Prominent Visiting NASA Rocket Scientist Drowned At Annaly Bay Tide Pools
CANE BAY — An internationally-prominent NASA scientist gathering information about “tropical convection processes” to gain a better understanding about how hurricanes operate in the Caribbean drowned at the Annaly Bay tide pools one week ago, the Virgin Islands Free Press has learned.
“Dr. Gail M. Skofronick-Jackson who was a Weather and Atmospheric Dynamics Program Manager at NASA Headquarters, Science Mission Directorate, where she provides scientific expertise has sadly passed away,” NASA said. “The news of her death was confirmed in an official press release made through the NASA website.”
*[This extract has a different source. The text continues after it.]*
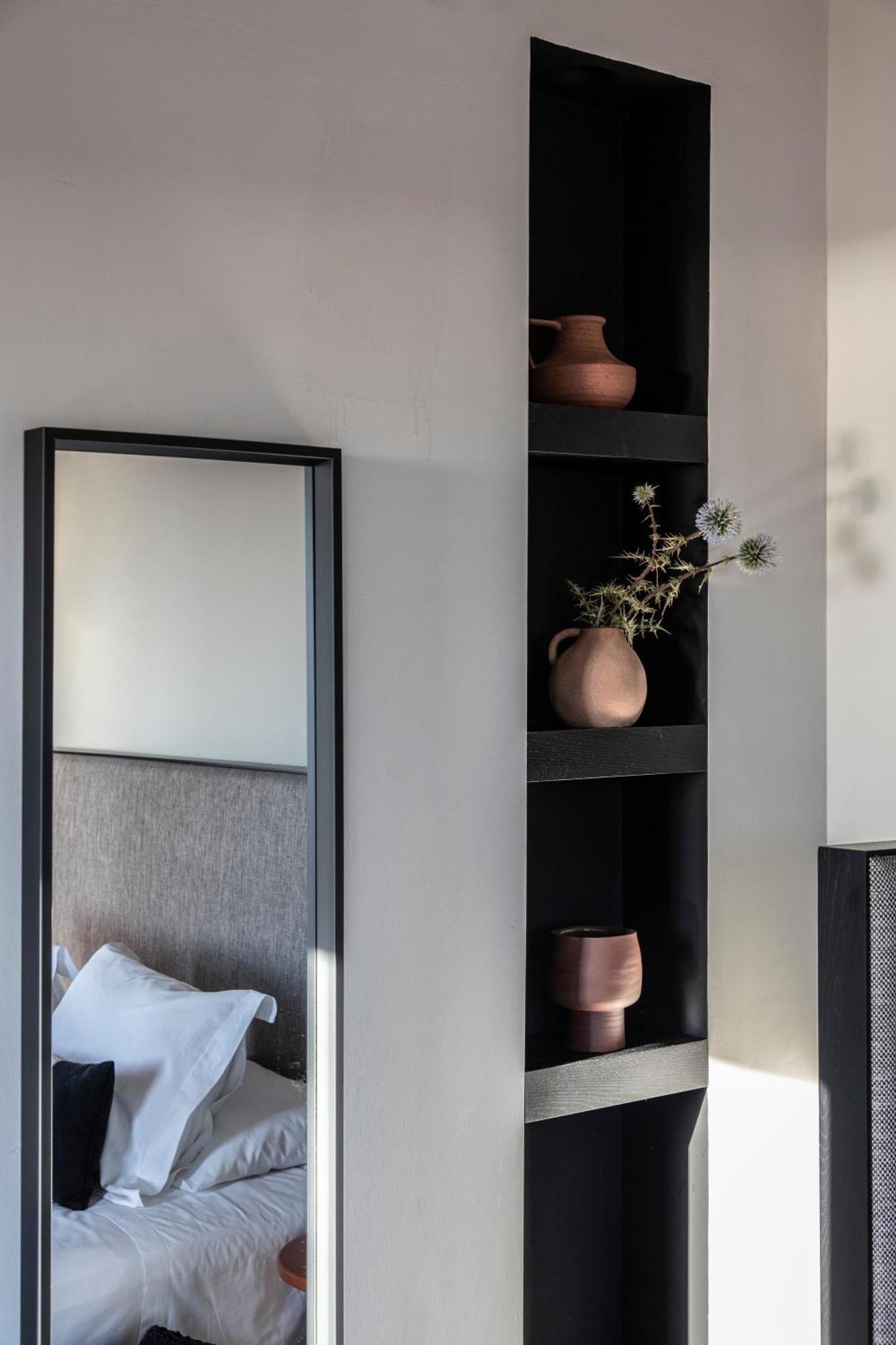Habitación Doble con vistas al mar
How and where Skofronick-Jackson’s died (drowning-St. Croix) has not yet been officially acknowledged by NASA. The news of her death was first leaked to the public in a Facebook post, which said “she died doing what she loved.”
It is not known if there was a scientific purpose to Skofronick-Jackson’s visit to the Annaly tide pools on September 7, or whether she was merely sightseeing as a private citizen in a potentially-dangerous, jagged-edge rock tourist trap.
Virgin Islands Police Department spokesman Toby Derima officially said falsely twice that Skofronick-Jackson was a “tourist,” but she had actually been on island as part of a team of NASA scientists studying Caribbean weather patterns since mid-August.
Gail worked on the TRMM & GPM satellite precipitation missions at NASA. Her research highlighted the importance of high-frequency passive microwave measurements that helped form the foundation of products generated by NASA today.
Before she joined NASA, Gail had worked in various capacities at NASA Goddard Space Flight Center in Greenbelt, Maryland beginning in 1997, including as a Post-Doc Research Associate, the Chief of the NASA Goddard Mesoscale Atmospheric Processes Laboratory, and as a Project Scientist for the NASA Global Precipitation Measurement (GPM) mission.
She bagged her B.S degree in electrical from Florida State University and thereafter in a bid to upgrade her knowledge also received her M.S. and PhD degrees in EE from Georgia Institute of Technology.
Gail is also a Program Scientist for the Global Precipitation Measurement (GPM) mission, the Cyclone Global Navigation Satellite System (CYGNSS), the Lightning Imager System (LIS) on the International Space Station, and Aqua satellite/AIRS instrument. She is involved in NASA’s Earth Science Decadal Survey Aerosols, Clouds, Convection, and Precipitation (ACCP), Atmospheric Winds, & Planetary Boundary Layer targeted observables.